Syntactic N-grams as Features
                       for the Author Profiling Task
                         Notebook for PAN at CLEF 2015

    Juan-Pablo Posadas-Durán, Ilia Markov, Helena Gómez-Adorno, Grigori Sidorov,
          Ildar Batyrshin, Alexander Gelbukh, and Obdulia Pichardo-Lagunas

                            Center for Computing Research (CIC),
                             Instituto Politécnico Nacional (IPN),
                                      Mexico City, Mexico
                          http://www.cic.ipn.mx/~sidorov


        Abstract This paper describes our approach to tackle the Author Profiling task
        at PAN 2015. Our method relies on syntactic features, such as syntactic based
        n-grams of various types in order to predict the age, gender and personality traits
        that has the author of a given text. In this paper, we describe the used features,
        the employed classification algorithm, and other general ideas concerning the
        experiments we conducted.


1     Introduction

The Author Profiling task consists in identifying author’s personality features based on
a sample of the author writing. This challenging task has a growing importance in sev-
eral applications related to forensics, security, and terrorism prevention: identifying the
author of a suspicious text. Also for marketing purposes, the identification of author’s
profile proved to be useful for better market segmentation.
    This year, in PAN 2015, the task consisted in prediction of the age, gender, and
personality traits of authors based on their published tweets. Thus, the participants were
provided with tweets in English, Spanish, Italian, and Dutch in order to extract the
information concerning author’s personality out of them. To perform the task we used
syntactic n-grams (the concept is introduced in detail in [12,9,10]) of various types
(words, POS tags, syntactic relations, etc.) along with other features such as frequencies
of emoticons, hashtags, retweets and others.
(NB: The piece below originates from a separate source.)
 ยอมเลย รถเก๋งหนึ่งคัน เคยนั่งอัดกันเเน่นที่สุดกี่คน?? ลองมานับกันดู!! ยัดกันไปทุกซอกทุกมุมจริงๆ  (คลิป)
Syntactic n-grams differ from traditional
ones in the way that the neighbors are taken by following syntactic relations in syntactic
trees, while in traditional n-grams, the words are taken from the surface strings, as they
appear in a text [12,9,10]. The application of syntactic n-grams gives better results than
using traditional ones for the task authorship attribution [12,7]. This makes it important
to study its impact in the author profiling task.
    The paper is structured as follows: Section 2 introduces the proposed approach,
Section 3 presents the results of our work, and Section 4 draws the conclusions and
points to the future work.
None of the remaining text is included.